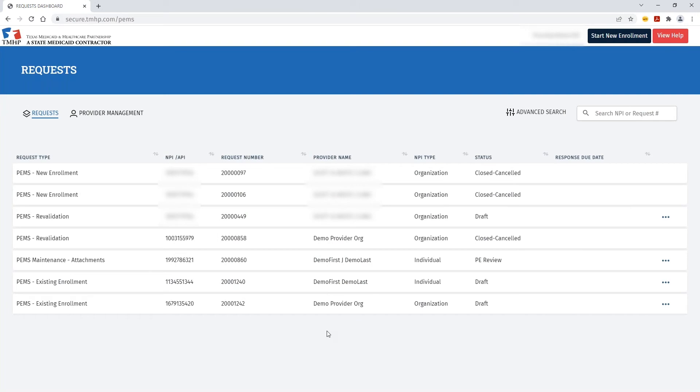For this demo we'll show how you can cancel a request. Once you're within the request dashboard you can see all the requests that have been submitted.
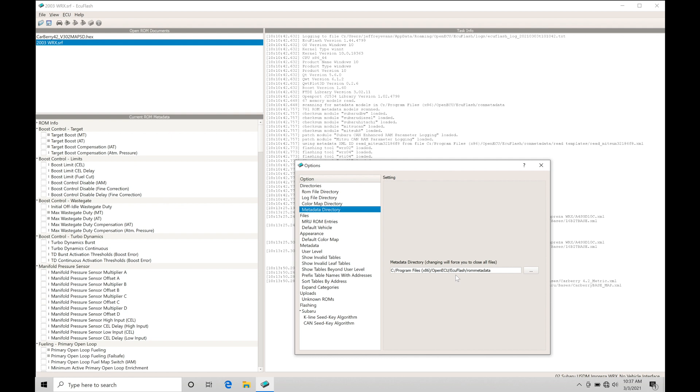This is pointing to where those are stored on our computer. The default location when you install ECU Flash software is C drive, program files, x86, open ECU, ECU Flash, ROM metadata. This is where we actually source and take a look at our XML files.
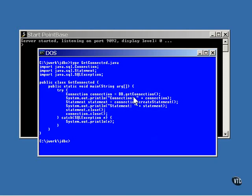The DB class has the static method getConnection that's called to return the connection object. This is done inside the try block, so if an SQL exception is thrown, it will be caught here.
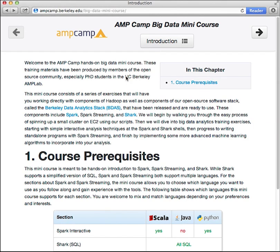Congratulations, you've now completed the screencast touring the Spark documentation online. If you haven't already, please check out our screencast covering your first steps with Spark, which goes over downloading and building Spark and using the Spark shell. Signing off now — enjoy Spark!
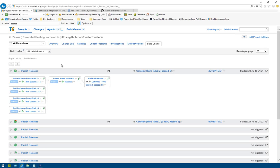From PowerShell.org, my name is Nicholas Ketchel, and I'm here with Dave Wyatt, the Microsoft MVP. He's an Applications Operations Engineer for the DevOps guys, and he's here going to present about build.PowerShell.org.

- TASK TO COMPLETE -
Only exact lines belong in the answer: those from the beginning of the entries above through the line holding "The DB class", with no pictures.

- RESPONSE FOR THIS EXERCISE -
For this demo we'll show how you can cancel a request. Once you're within the request dashboard you can see all the requests that have been submitted.
This is pointing to where those are stored on our computer. The default location when you install ECU Flash software is C drive, program files, x86, open ECU, ECU Flash, ROM metadata. This is where we actually source and take a look at our XML files.
The DB class has the static method getConnection that's called to return the connection object. This is done inside the try block, so if an SQL exception is thrown, it will be caught here.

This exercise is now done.